• **Records supplied**

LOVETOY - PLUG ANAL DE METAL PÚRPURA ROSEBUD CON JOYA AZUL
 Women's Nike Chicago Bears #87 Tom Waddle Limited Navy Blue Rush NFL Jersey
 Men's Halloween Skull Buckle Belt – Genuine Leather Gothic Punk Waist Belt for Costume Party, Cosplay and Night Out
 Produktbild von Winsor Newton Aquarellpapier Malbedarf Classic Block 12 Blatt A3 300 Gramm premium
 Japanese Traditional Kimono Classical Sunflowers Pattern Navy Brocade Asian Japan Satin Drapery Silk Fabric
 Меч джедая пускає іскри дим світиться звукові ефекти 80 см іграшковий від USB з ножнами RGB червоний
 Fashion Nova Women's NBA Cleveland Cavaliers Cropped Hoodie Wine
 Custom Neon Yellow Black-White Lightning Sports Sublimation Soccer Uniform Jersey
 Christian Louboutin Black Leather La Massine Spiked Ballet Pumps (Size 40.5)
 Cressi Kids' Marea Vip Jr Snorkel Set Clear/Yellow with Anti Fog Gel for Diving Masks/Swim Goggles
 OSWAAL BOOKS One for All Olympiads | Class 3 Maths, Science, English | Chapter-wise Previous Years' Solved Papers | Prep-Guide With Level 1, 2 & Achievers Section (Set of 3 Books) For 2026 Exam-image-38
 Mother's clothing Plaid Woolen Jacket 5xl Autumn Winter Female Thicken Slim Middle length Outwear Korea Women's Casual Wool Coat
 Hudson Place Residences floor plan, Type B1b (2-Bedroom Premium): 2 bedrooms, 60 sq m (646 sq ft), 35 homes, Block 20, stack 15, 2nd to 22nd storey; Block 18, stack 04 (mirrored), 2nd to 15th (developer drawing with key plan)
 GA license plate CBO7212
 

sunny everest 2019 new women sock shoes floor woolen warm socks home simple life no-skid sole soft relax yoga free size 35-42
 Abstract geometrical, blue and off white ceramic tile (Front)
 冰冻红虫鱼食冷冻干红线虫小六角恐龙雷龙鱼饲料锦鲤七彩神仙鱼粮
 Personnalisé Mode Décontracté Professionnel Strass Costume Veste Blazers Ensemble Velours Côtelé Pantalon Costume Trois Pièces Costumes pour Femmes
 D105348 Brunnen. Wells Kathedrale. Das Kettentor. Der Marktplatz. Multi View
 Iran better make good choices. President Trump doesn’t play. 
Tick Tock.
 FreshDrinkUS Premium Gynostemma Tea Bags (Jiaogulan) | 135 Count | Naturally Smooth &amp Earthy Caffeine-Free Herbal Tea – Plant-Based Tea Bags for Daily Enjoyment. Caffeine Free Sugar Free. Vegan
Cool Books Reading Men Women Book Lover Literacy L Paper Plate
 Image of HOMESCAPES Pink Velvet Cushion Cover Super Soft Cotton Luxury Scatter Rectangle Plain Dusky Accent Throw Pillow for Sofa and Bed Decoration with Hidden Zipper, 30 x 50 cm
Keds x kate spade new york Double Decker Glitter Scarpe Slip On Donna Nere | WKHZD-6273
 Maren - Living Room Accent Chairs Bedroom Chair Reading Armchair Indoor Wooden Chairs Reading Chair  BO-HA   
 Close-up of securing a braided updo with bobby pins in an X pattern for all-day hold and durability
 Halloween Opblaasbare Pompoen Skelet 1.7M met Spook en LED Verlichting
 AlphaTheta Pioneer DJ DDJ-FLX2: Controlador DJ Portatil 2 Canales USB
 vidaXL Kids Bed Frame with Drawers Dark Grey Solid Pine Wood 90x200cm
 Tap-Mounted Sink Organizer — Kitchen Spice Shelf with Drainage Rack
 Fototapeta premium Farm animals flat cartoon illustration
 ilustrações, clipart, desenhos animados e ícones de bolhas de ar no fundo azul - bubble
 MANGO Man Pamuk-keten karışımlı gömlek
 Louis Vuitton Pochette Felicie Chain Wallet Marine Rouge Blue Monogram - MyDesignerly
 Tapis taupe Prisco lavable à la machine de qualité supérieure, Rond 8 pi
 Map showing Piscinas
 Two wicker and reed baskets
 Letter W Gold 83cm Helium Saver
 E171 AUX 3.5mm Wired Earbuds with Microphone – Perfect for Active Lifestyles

• **Exercise directions**
All the entries above should come back exactly as they are written.

• **Task solution**
LOVETOY - PLUG ANAL DE METAL PÚRPURA ROSEBUD CON JOYA AZUL
 Women's Nike Chicago Bears #87 Tom Waddle Limited Navy Blue Rush NFL Jersey
 Men's Halloween Skull Buckle Belt – Genuine Leather Gothic Punk Waist Belt for Costume Party, Cosplay and Night Out
 Produktbild von Winsor Newton Aquarellpapier Malbedarf Classic Block 12 Blatt A3 300 Gramm premium
 Japanese Traditional Kimono Classical Sunflowers Pattern Navy Brocade Asian Japan Satin Drapery Silk Fabric
 Меч джедая пускає іскри дим світиться звукові ефекти 80 см іграшковий від USB з ножнами RGB червоний
 Fashion Nova Women's NBA Cleveland Cavaliers Cropped Hoodie Wine
 Custom Neon Yellow Black-White Lightning Sports Sublimation Soccer Uniform Jersey
 Christian Louboutin Black Leather La Massine Spiked Ballet Pumps (Size 40.5)
 Cressi Kids' Marea Vip Jr Snorkel Set Clear/Yellow with Anti Fog Gel for Diving Masks/Swim Goggles
 OSWAAL BOOKS One for All Olympiads | Class 3 Maths, Science, English | Chapter-wise Previous Years' Solved Papers | Prep-Guide With Level 1, 2 & Achievers Section (Set of 3 Books) For 2026 Exam-image-38
 Mother's clothing Plaid Woolen Jacket 5xl Autumn Winter Female Thicken Slim Middle length Outwear Korea Women's Casual Wool Coat
 Hudson Place Residences floor plan, Type B1b (2-Bedroom Premium): 2 bedrooms, 60 sq m (646 sq ft), 35 homes, Block 20, stack 15, 2nd to 22nd storey; Block 18, stack 04 (mirrored), 2nd to 15th (developer drawing with key plan)
 GA license plate CBO7212
 

sunny everest 2019 new women sock shoes floor woolen warm socks home simple life no-skid sole soft relax yoga free size 35-42
 Abstract geometrical, blue and off white ceramic tile (Front)
 冰冻红虫鱼食冷冻干红线虫小六角恐龙雷龙鱼饲料锦鲤七彩神仙鱼粮
 Personnalisé Mode Décontracté Professionnel Strass Costume Veste Blazers Ensemble Velours Côtelé Pantalon Costume Trois Pièces Costumes pour Femmes
 D105348 Brunnen. Wells Kathedrale. Das Kettentor. Der Marktplatz. Multi View
 Iran better make good choices. President Trump doesn’t play. 
Tick Tock.
 FreshDrinkUS Premium Gynostemma Tea Bags (Jiaogulan) | 135 Count | Naturally Smooth &amp Earthy Caffeine-Free Herbal Tea – Plant-Based Tea Bags for Daily Enjoyment. Caffeine Free Sugar Free. Vegan
Cool Books Reading Men Women Book Lover Literacy L Paper Plate
 Image of HOMESCAPES Pink Velvet Cushion Cover Super Soft Cotton Luxury Scatter Rectangle Plain Dusky Accent Throw Pillow for Sofa and Bed Decoration with Hidden Zipper, 30 x 50 cm
Keds x kate spade new york Double Decker Glitter Scarpe Slip On Donna Nere | WKHZD-6273
 Maren - Living Room Accent Chairs Bedroom Chair Reading Armchair Indoor Wooden Chairs Reading Chair  BO-HA   
 Close-up of securing a braided updo with bobby pins in an X pattern for all-day hold and durability
 Halloween Opblaasbare Pompoen Skelet 1.7M met Spook en LED Verlichting
 AlphaTheta Pioneer DJ DDJ-FLX2: Controlador DJ Portatil 2 Canales USB
 vidaXL Kids Bed Frame with Drawers Dark Grey Solid Pine Wood 90x200cm
 Tap-Mounted Sink Organizer — Kitchen Spice Shelf with Drainage Rack
 Fototapeta premium Farm animals flat cartoon illustration
 ilustrações, clipart, desenhos animados e ícones de bolhas de ar no fundo azul - bubble
 MANGO Man Pamuk-keten karışımlı gömlek
 Louis Vuitton Pochette Felicie Chain Wallet Marine Rouge Blue Monogram - MyDesignerly
 Tapis taupe Prisco lavable à la machine de qualité supérieure, Rond 8 pi
 Map showing Piscinas
 Two wicker and reed baskets
 Letter W Gold 83cm Helium Saver
 E171 AUX 3.5mm Wired Earbuds with Microphone – Perfect for Active Lifestyles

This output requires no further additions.